Simonides lived in Athens after the fall of the Peisistratid tyranny and the founding of the democracy. He was close to important people there, including the politician and naval strategist Themistocles, and he achieved numerous successes in dithyrambic competitions. (A later poet credited Simonides with 57 victories.) In the competition, Simonides was selected (above such celebrated poets as Aeschylus) to compose the elegiac verses commemorating those who fell in the battle of Marathon. He celebrated the Greek victories of the Persian Wars, including a famous encomium for the Spartan dead at Thermopylae. Simonides maintained close ties with the Spartan general and regent Pausanias. He traveled to Sicily as a guest of the courts of Hieron I, tyrant of Syracuse, and Theron, tyrant of Acragas; tradition there made him and Bacchylides the rivals of Pindar. He is said to have reconciled the two tyrants when they quarreled.
Of Simonides’ extensive literary corpus, only fragments remain, most of them short. There are many epigrams written in elegiac couplets intended to be carved on monuments to celebrate a death, a victory, or other deeds worthy of memory. (However, scholars suspect that many of the epigrams attributed to Simonides were not composed by him.) Simonides’ threnoi, songs of lamentation used for funerals, were particularly famous in antiquity—as the praise of the poets Catullus and Horace and the educator Quintilian demonstrates—because they showed genius in combining affecting poetry with praise of the deceased. Simonides played an important role in the development of the epinicion, a song in honour of an athletic victory. He is the author of the earliest epinicion for which the date (520 bc) and the victor (Glaucus of Carystus, for boy’s boxing) are certain. The fragments display an epinician tone that contrasts with Pindar’s high seriousness, as Simonides praises the victor with ironic and humorous references. Simonides was known for his tendency toward concision and his rejection of prolixity. He defined poetry as a speaking picture and painting as mute poetry.
There emerges from his longer fragments, such as the encomium of Scopas, an original and nonconformist personality that questions the innate and absolute values of the aristocratic ethic, which are the basis of Pindar’s worldview. Simonides’ worldview, in contrast, is in sympathy with the social setting determined by the rise of the new mercantile classes. His moral outlook is pragmatic, realistic, and relativistic; he is conscious of the imperfection and frailty of human accomplishments.
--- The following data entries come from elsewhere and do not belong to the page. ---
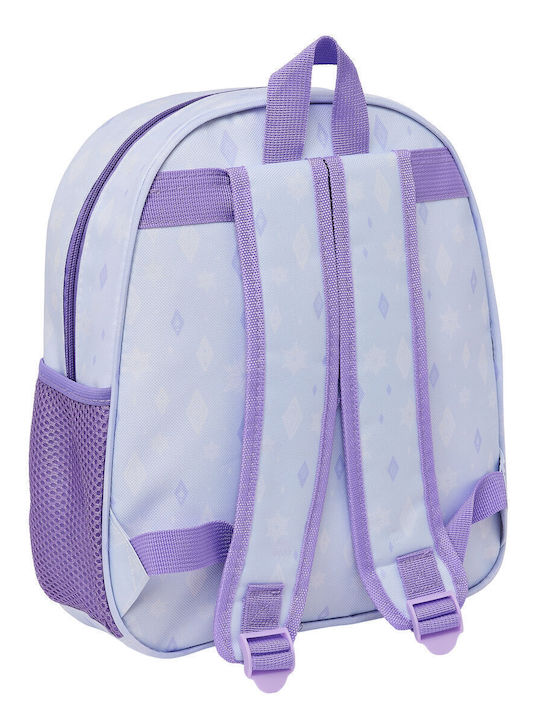 Frozen School Bag Backpack Kindergarten Lilac 8.64Liters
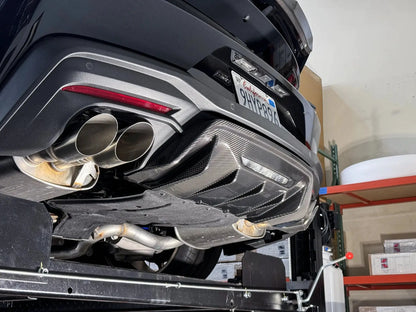 NYTOP 2024-Current Ford Mustang Rear Diffuser by NYTOP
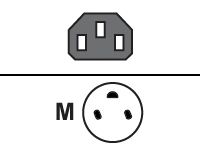 LENOVO ISG TS Denmark Line Cord 250 Vac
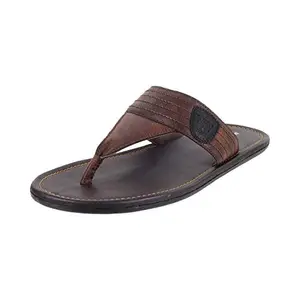 Walkway mens 16-98716 Brown Slippers - 9 UK (16-98716)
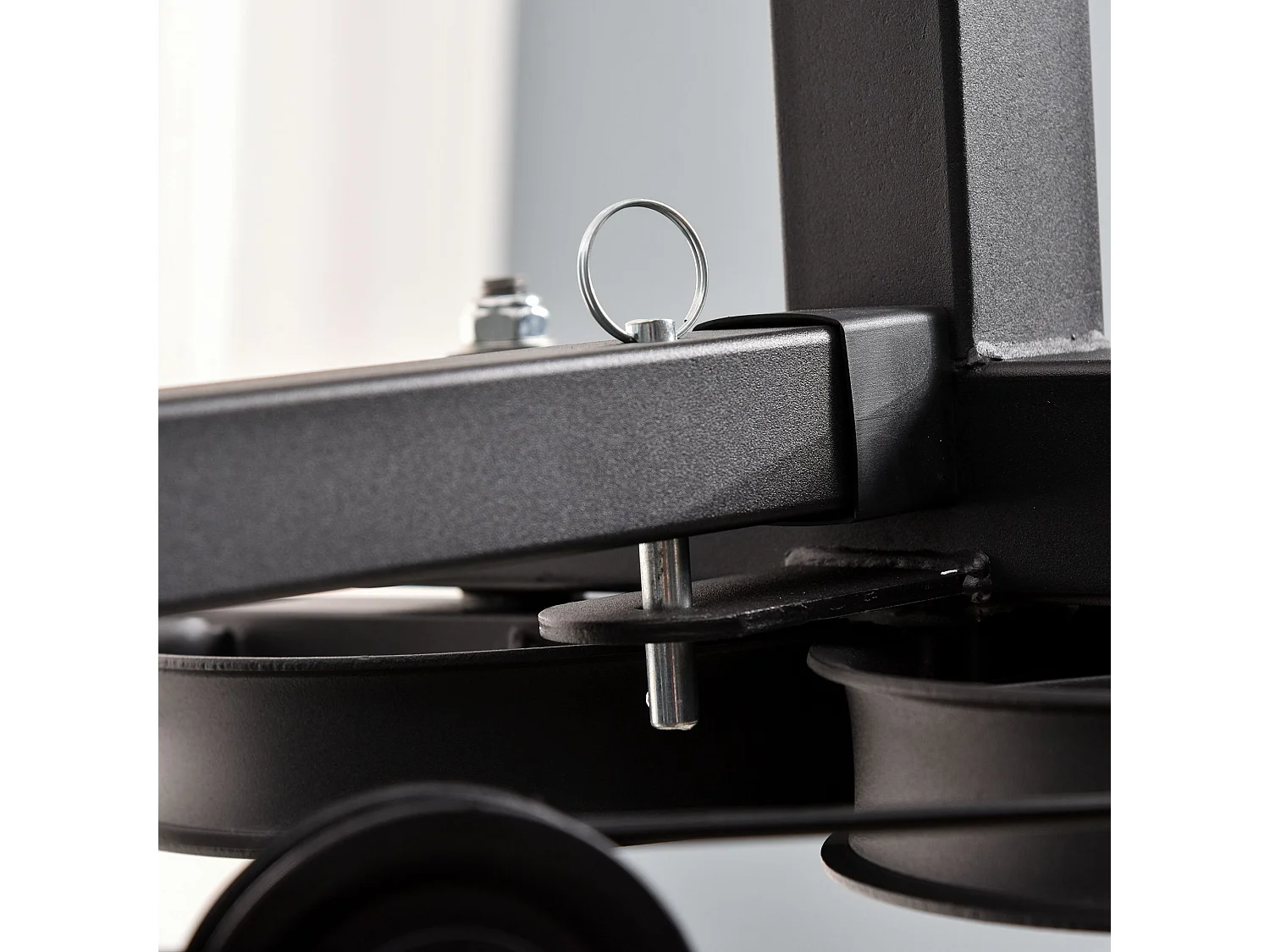 Multiestación negro 148x108x207 cm HOMCOM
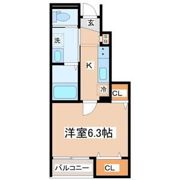 DAICOROⅡの間取り画像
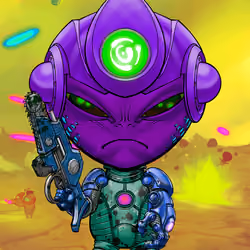 War Jupiter Soldier #4289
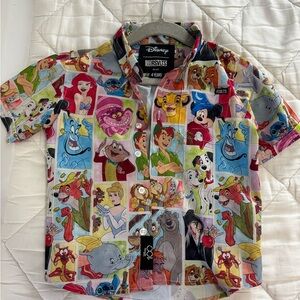Disney Colorful Character Shirt for Kids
Simonides changed the conception and practice of poetic activity by insisting that a patron who commissioned a poem owed the poet fair remuneration. Simonides’ professional policy gave rise to many anecdotes about his greed. The most famous in antiquity concerned a poem he was commissioned to write for Scopas of Thessaly. When Simonides delivered the poem, Scopas paid him only half the sum they had agreed on, telling him to get the rest from the Dioscuri, to whose praise the poet had devoted much of the poem. During the banquet at the palace to celebrate Scopas’s victory, Simonides was summoned outside at the request of two young men; when he went outside, the young men were gone. When the palace then collapsed and he alone survived, he realized that the young men had been the Dioscuri. Having insisted on being paid and having been credited with the invention of a (lost) method of memorization, Simonides can be seen as a precursor of the 5th-century Sophists.
In 1992 new papyrus fragments of his elegies were published; among them are parts of a long composition on the battle of Plataea (479 bc), in which the decisive role of the Spartans is emphasized. The fragments also include pederastic works and poems that were of the type meant for symposia (dinner parties).